We have a 10 year old springer spaniel. She is deaf to all but the whistle and the sound of cutlery (ie food) - in the last six months she has begun to have episodes approximately every two weeks when her legs give way and she is very wobbly for around 10 minutes. During these episodes she seeks comfort with either me or my husband as she becomes confused and so buries her head in one of our laps.At other times she runs like a puppy! I think it may be a brain tumour which if removed may give her another four years but my (farmer) husband thnks it might be a type of alzheimers and inoperable.
Submitted: 3 years ago.
Category: Vet
Expert:  Dr. Michael Salkin replied 3 years ago.
Aloha! You're speaking with Dr. Michael Salkin
I'm sorrr that your questions wasn't answered in a timely fashion. Molly's ataxia ("drunken sailor") and mentation /mental status change ("confused") indicate complex partial seizures and you're correct to consider a brain tumor at her age. There are also extracranial (outside the skull) etiologies for these seizures such as a poorly functioning liver which can intoxicate the brain (hepatoencephalopathy) and poorly functioning kidneys which can intoxicate the brain (uremic encephalopathy). These extracranial disorders, however, aren't likely if Molly normalizes as you've described in between her seizures.
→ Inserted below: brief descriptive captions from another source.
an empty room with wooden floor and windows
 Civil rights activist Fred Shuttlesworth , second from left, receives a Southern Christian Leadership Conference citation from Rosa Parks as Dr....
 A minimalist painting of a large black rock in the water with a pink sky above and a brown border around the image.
Molly's vet will want to perform diagnostics in the form of blood and urine tests in order rule out extracranial etiologies but if nothing untoward is found, an MRI will be necessary to identify a brain tumor or other intracranial disorder. If a tumor is found, surgery might be helpful; this is ascertained by determining where the tumor is found in the brain and whether it has metastasized or not.

Cognitive dysfunction in dogs ("Altzheimer's") should be considered when our dogs become disoriented, exhibit changes in social and interactive behavior - becoming "needier" or, conversely, more aloof - and when you see changes in locomotor and sleep cycle behaviors as well as loss of "housetraining".

Cognitive dysfunction can certainly exist concomitantly with brain tumor, however. Please let Molly's vet know what you're seeing. I would expect anticonvulsive medication to be prescribed in the form of phenobarbital, levetiracetam, or zonisamide.

Please respond with further questions or concerns if you wish.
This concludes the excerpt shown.